Hanad Abdullahi, 16, was found dead in one of the stairwells at 30 Falstaff Ave. around 1 a.m. after police received reports of gunfire. Three males were seen fleeing the scene in a dark-coloured Honda.
Despite the $13 million plunked into community safety measures in this year’s TCHC budget, housing authority officials have been and remain unwilling or incapable of addressing the many security issues in their buildings in a timely or efficient manner.
No matter how many times the rampant epidemic of drugs, gangs and violence is pointed out to TCHC officials, they still appear to be in denial, or worse, simply indifferent about it.
Even the statement TCHC issued Thursday had as much empathy as a stone.
“We are saddened by this senseless act of gun violence and tragic loss of life. Our thoughts are with the victim’s family and loved ones and the entire Jane Falstaff community,” the statement said, noting local staff are working with the city’s crisis response team to connect tenants to trauma-related supports.
The statement is not attributed to CEO Kevin Marshman or chairman Tim Murphy, as it should be in crises like these.
That said, it’s rather rich to claim “sadness” and so on when in April during Marshman’s first meeting as permanent CEO, senior director of the community safety unit, Bill Anderson, was put on the hot seat about his violence reduction strategy — which included the hiring of 60 community safety unit (CSU) officers to send to 10 buildings determined high-risk.

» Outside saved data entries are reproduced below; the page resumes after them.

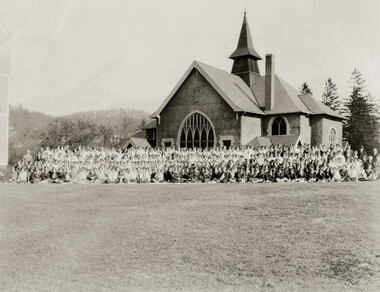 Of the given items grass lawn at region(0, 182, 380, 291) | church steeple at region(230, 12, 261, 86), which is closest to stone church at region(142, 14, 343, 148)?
church steeple at region(230, 12, 261, 86)

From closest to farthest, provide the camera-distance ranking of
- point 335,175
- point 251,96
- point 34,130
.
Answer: point 335,175 < point 251,96 < point 34,130

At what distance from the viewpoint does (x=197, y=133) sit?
3616 centimetres

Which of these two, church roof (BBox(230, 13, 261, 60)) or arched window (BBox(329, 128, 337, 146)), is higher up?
church roof (BBox(230, 13, 261, 60))

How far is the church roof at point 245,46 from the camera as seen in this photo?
42719 millimetres

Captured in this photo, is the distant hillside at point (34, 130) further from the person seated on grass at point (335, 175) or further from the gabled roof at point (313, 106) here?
the person seated on grass at point (335, 175)

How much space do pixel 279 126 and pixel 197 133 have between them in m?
6.33

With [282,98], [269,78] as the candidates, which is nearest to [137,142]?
[269,78]

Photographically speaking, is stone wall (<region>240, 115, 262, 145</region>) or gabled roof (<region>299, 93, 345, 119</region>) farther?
gabled roof (<region>299, 93, 345, 119</region>)

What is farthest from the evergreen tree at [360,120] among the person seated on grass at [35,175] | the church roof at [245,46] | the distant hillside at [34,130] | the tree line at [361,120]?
the person seated on grass at [35,175]

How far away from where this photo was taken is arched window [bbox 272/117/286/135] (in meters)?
35.7

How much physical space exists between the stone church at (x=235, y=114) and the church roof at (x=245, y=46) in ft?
15.3

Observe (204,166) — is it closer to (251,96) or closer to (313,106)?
(251,96)

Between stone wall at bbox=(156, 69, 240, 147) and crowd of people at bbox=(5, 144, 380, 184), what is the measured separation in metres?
6.78

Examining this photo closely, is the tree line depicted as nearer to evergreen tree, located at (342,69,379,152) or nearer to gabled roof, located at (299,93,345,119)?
evergreen tree, located at (342,69,379,152) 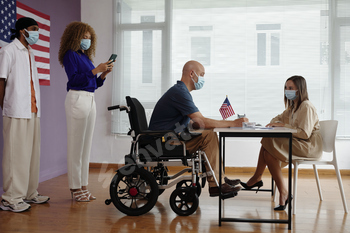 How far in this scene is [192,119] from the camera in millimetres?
2836

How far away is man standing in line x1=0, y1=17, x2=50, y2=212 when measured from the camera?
2.88 m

Security cameras were to be upgraded and lighting and building access systems to be improved.
The report had been asked for by council in July of 2018. The funding for the community safety officers had been approved by the board in February of 2019.

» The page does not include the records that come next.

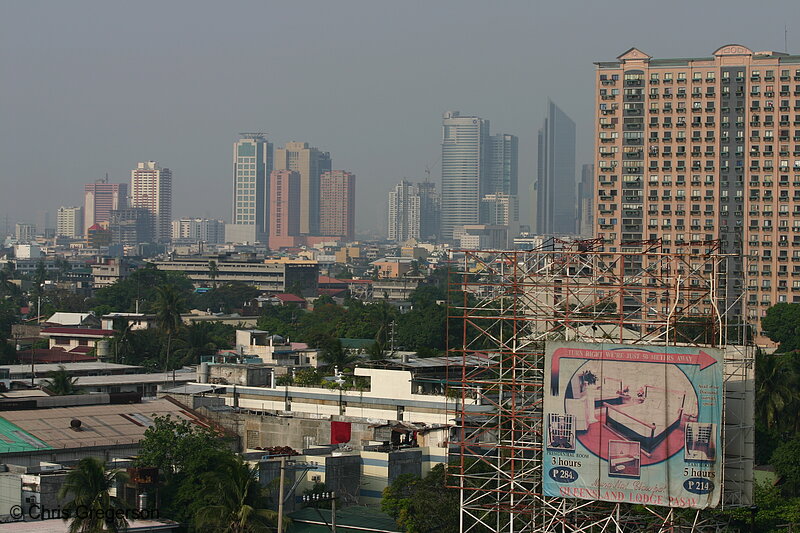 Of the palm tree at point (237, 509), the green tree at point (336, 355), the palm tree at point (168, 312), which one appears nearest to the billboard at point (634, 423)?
the palm tree at point (237, 509)

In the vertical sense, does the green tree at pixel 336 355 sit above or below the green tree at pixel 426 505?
above

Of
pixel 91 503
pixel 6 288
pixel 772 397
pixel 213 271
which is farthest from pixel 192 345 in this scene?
pixel 213 271

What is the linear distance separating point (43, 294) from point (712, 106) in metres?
60.8

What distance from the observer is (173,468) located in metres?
32.2

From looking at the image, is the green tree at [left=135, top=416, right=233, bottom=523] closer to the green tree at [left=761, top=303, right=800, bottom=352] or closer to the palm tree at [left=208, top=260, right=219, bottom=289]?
the green tree at [left=761, top=303, right=800, bottom=352]

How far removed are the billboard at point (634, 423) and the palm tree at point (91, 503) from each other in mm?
7734

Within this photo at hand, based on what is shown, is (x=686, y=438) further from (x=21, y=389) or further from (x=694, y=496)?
(x=21, y=389)

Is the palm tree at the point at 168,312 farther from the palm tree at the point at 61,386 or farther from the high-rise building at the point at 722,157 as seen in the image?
the high-rise building at the point at 722,157

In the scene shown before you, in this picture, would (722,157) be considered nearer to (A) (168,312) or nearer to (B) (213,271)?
(A) (168,312)

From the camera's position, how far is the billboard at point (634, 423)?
25.1 m

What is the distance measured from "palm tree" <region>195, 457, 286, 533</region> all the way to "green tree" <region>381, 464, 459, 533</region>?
4547 millimetres

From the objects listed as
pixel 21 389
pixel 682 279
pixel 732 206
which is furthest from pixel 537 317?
pixel 732 206

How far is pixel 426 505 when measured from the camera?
30266mm

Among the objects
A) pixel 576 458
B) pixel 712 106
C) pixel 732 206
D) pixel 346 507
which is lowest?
pixel 346 507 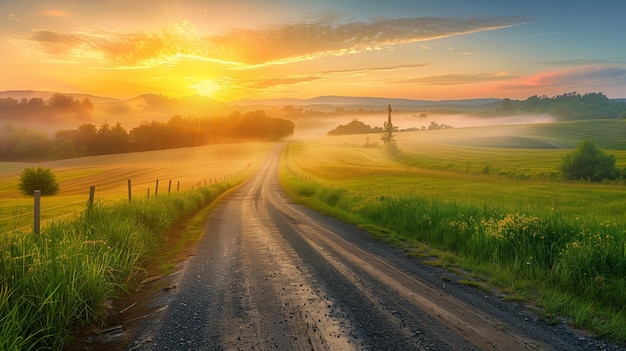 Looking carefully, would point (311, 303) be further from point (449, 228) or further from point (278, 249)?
point (449, 228)

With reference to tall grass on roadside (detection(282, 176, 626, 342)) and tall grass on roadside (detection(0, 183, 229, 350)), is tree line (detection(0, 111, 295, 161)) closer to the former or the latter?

Yet at that April 30 meeting, Anderson conceded those CSU officers wouldn’t be fully on board until December and the first 19 ready for training only by mid-May.
There were no targets set either for the installation of cameras or any of the other security measures.

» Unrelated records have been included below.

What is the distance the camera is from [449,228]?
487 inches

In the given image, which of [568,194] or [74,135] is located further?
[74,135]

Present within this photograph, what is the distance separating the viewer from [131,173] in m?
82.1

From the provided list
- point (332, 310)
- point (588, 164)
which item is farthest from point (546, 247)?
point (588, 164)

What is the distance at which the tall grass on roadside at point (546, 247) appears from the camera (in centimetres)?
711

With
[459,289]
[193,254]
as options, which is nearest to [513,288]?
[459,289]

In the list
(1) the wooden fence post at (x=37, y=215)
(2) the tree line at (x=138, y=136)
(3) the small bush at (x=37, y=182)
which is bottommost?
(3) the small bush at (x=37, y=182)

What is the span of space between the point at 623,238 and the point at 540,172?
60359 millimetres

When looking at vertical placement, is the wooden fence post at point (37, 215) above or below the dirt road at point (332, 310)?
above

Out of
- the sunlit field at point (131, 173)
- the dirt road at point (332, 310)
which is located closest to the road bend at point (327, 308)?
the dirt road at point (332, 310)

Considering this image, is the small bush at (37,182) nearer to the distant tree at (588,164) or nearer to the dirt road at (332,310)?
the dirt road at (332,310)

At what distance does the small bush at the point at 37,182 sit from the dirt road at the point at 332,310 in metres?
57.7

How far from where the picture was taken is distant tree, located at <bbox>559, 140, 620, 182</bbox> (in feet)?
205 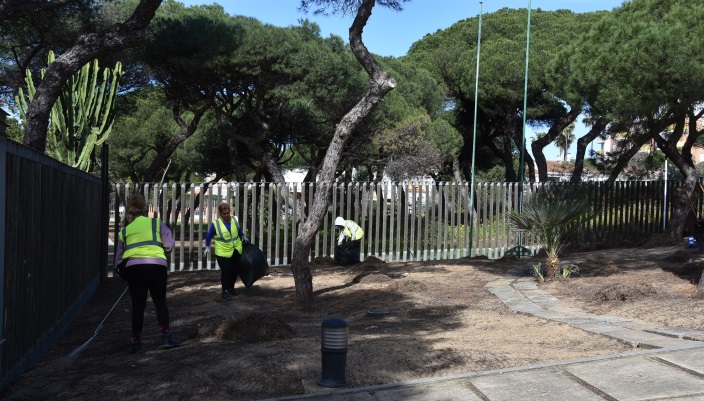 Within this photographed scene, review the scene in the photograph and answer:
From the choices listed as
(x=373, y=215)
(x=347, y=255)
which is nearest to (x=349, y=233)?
(x=347, y=255)

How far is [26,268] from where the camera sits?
20.7 feet

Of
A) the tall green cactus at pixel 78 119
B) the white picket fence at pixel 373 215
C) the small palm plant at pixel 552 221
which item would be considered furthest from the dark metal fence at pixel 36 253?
the small palm plant at pixel 552 221

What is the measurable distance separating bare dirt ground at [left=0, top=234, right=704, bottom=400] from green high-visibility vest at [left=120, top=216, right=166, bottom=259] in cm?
99

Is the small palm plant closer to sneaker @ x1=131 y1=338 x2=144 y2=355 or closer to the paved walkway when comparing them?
the paved walkway

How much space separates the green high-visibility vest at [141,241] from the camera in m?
7.34

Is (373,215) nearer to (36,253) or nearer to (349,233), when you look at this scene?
(349,233)

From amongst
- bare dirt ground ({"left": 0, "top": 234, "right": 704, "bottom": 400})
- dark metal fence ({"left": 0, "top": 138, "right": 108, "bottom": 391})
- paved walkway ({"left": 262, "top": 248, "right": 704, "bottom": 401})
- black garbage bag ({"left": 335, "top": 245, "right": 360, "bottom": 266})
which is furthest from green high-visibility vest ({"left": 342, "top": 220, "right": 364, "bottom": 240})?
paved walkway ({"left": 262, "top": 248, "right": 704, "bottom": 401})

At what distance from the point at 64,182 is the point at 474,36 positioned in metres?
32.3

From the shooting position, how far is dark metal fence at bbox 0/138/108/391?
5695 millimetres

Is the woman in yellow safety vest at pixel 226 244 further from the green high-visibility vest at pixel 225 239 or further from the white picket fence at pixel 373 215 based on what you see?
the white picket fence at pixel 373 215

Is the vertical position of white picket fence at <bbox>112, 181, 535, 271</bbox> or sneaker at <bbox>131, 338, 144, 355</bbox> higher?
white picket fence at <bbox>112, 181, 535, 271</bbox>

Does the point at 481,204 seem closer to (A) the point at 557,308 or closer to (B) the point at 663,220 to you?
(B) the point at 663,220

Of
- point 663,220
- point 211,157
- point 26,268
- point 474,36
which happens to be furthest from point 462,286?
point 474,36

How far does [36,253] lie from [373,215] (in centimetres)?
1146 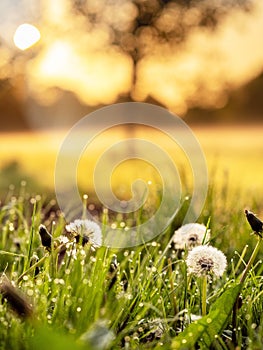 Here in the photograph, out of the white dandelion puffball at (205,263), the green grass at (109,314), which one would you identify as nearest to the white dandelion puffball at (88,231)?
the green grass at (109,314)

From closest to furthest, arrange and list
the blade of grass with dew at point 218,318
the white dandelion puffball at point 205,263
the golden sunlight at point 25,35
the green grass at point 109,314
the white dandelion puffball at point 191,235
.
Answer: the green grass at point 109,314 → the blade of grass with dew at point 218,318 → the white dandelion puffball at point 205,263 → the white dandelion puffball at point 191,235 → the golden sunlight at point 25,35

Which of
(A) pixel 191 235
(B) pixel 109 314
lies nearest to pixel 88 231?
(B) pixel 109 314

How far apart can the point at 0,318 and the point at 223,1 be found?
12.9 m

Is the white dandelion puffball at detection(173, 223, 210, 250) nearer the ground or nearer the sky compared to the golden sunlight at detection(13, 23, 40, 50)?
nearer the ground

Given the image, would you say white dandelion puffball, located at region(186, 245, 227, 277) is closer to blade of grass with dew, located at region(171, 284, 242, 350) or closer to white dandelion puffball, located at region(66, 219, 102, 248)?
blade of grass with dew, located at region(171, 284, 242, 350)

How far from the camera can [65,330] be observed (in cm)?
173

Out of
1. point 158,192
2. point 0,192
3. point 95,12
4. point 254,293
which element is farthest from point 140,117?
point 254,293

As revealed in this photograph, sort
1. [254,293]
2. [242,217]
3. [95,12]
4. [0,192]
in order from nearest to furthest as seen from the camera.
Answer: [254,293] < [242,217] < [0,192] < [95,12]

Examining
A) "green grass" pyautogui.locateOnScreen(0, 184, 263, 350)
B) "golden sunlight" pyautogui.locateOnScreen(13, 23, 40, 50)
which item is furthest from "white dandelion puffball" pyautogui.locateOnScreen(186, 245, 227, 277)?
"golden sunlight" pyautogui.locateOnScreen(13, 23, 40, 50)

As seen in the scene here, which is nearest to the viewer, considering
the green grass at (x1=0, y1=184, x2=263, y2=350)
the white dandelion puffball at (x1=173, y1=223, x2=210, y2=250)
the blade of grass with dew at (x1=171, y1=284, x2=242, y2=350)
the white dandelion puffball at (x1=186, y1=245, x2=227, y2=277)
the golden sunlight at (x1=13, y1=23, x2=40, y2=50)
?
the green grass at (x1=0, y1=184, x2=263, y2=350)

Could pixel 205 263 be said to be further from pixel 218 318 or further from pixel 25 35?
pixel 25 35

It didn’t escape my attention that none of that would help the peak summer crime season, which we are now in.
That said, TCHC spokesman Bruce Malloch confirmed the Falstaff building is not one of the 10 sites identified for a beefed up security presence under the TCHC’s violence reduction program — whenever it does get off the ground.
He did say — and this is interesting — that the community is patrolled by CSU officers and is the location of the West District CSU office.
If this is the location of a CSU office, should the building not be better protected?
Oh never mind.
Former TCHC tenant board member Catherine Wilkinson, who stated at the April meeting that more “boots on the ground” were sorely needed this summer, said it is a “well-known fact” that crime increases in TCHC buildings in the summer months.
She told me Friday she’s been asking for a long time for “covert cameras” in addition to extra CCTV cameras.
The beauty of covert cameras, she says, are that they are portable, reliable and can be relocated as needed (to such areas as stairwells) to “clean up” high needs buildings and to “capture vandalism and illegal activities before they escalate.”
She adds that such cameras can capture the concrete evidence needed to lay criminal charges and to evict any tenants involved in criminal acts.
“This will go a long way to reducing fear for law-abiding tenants,” she said. “But where there’s no will, there’s no way it’s going to happen.”
Malloch said there will be a community safety meeting Tuesday evening at the Falstaff Community Centre — one that will allow residents to share their concerns and provide input into a community safety plan.
Still, what good is it to share concerns when so little is done?